La ofensa social, o el resentimiento contra el cuerpo policiaco, dejan al descubierto el ocaso del agradecimiento y de la lealtad a aquellos que dan el máximo en su quehacer diario. Esta osadía perversa viene de lejos, desde los días en que se perdió la justa cercanía entre padres, maestros, policías. Esa mirada rencorosa, como si el enemigo rondara muy cerca, derrumba toda autoridad, establece la distancia y categoría.
La autoridad ha sido reducida a simple observadora de la escena. Los elegidos para ejercer un cargo de autoridad tienen que anonadarse de tal manera que a veces pasan desapercibidos, como mirando y dejando pasar. La tolerancia es poca y aquel anhelo de llevar el uniforme de los pequeñines en corazón limpio, ha sido extraído del catálogo vocacional.
Se cae en el desprecio de los que sirven a través de la mirada enojada, de un resentimiento que penetra todo el álbum familiar y social. Ponerse en el lugar del otro como custodio, ha pasado a ser una débil pretensión, una intromisión que marchita la relación y la hace dependiente.
Se anhela la paz social, se habla de la delincuencia, pero no hay entusiasmo para acoger y establecer lo bueno, con su disciplina y la honradez de espíritu. El desquite, el acecho, la discusión ofensiva, domina el escenario social. La palabra noble, excusarse ante un error cometido, dar una palmada como señal de arreglar una desavenencia ha sido cambiada por las armas de fuego, por el tiro con una persona como blanco.

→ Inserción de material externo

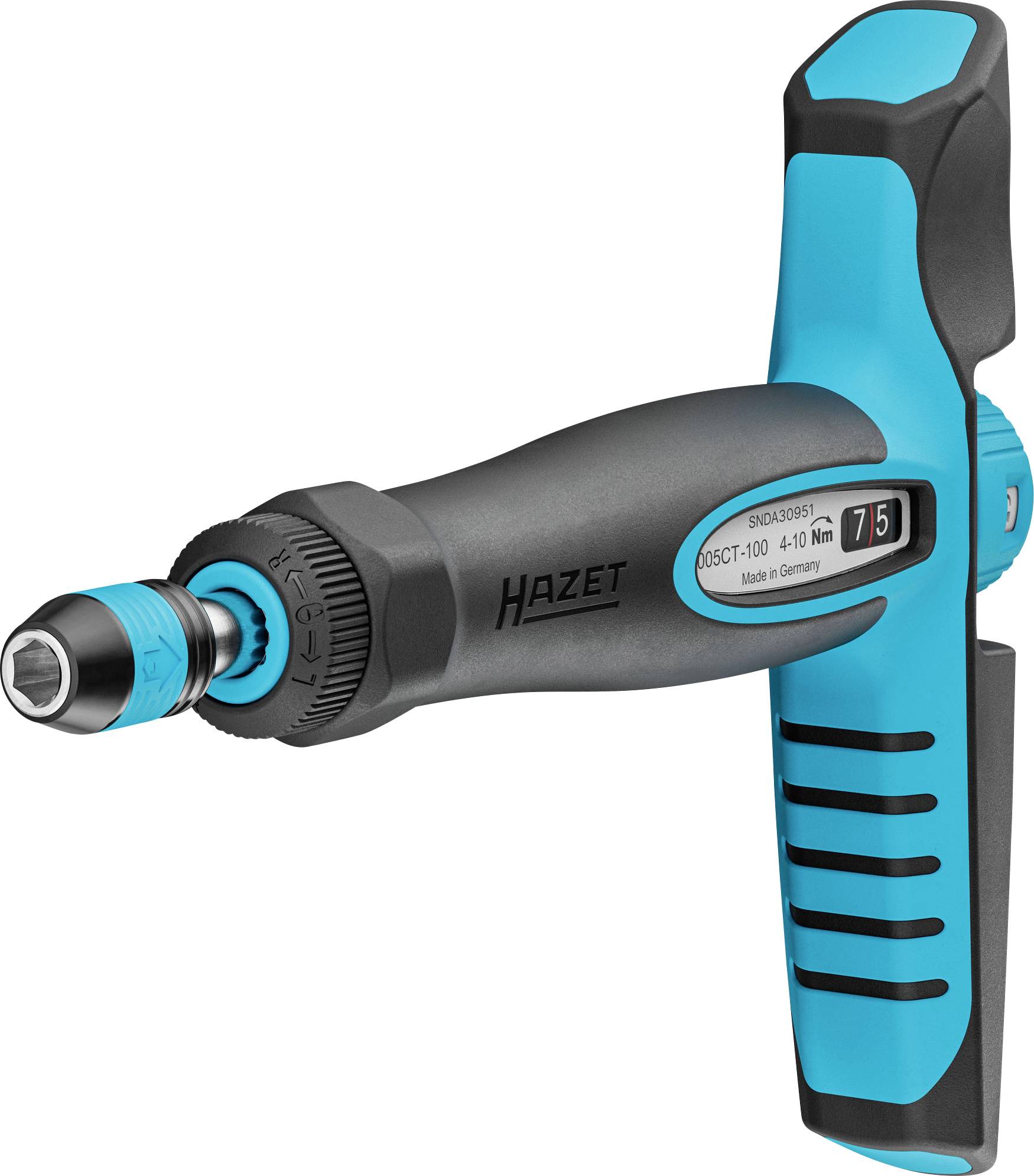 Динамометрична викрутка Hazet 6005CT-100 6005CT-100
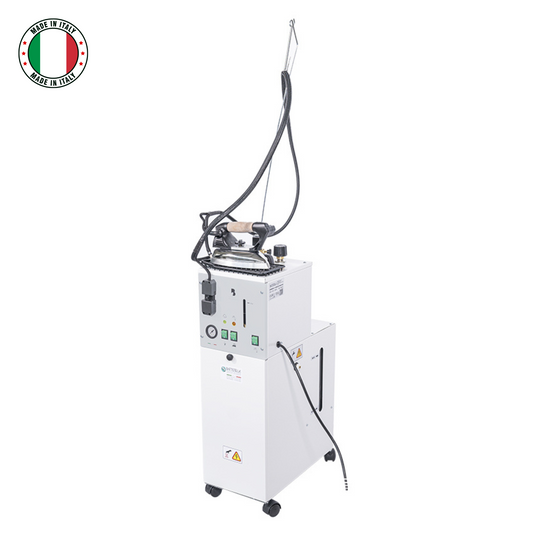 Semi-automatic steam generator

La disciplina hogareña, con su terroncito de azúcar, ha procreado una mirada hostil para los que ejercen autoridad. Se sirve la lección del menor esfuerzo, del descanso versus el trabajo, del no doblegarse ante el que tiene la razón. Así se realza la ley del menor esfuerzo, el no obedecer a la autoridad, salirse con la suya…
Cuando un policía es asesinado se pierde un radar de luz y orden. La disciplina social disminuye, se alegran los que viven bajo el arrullo del delito, los que propician un estado de caos y confusión. Se acaba la tranquilidad y el qué será de Borinquén cubre el horizonte.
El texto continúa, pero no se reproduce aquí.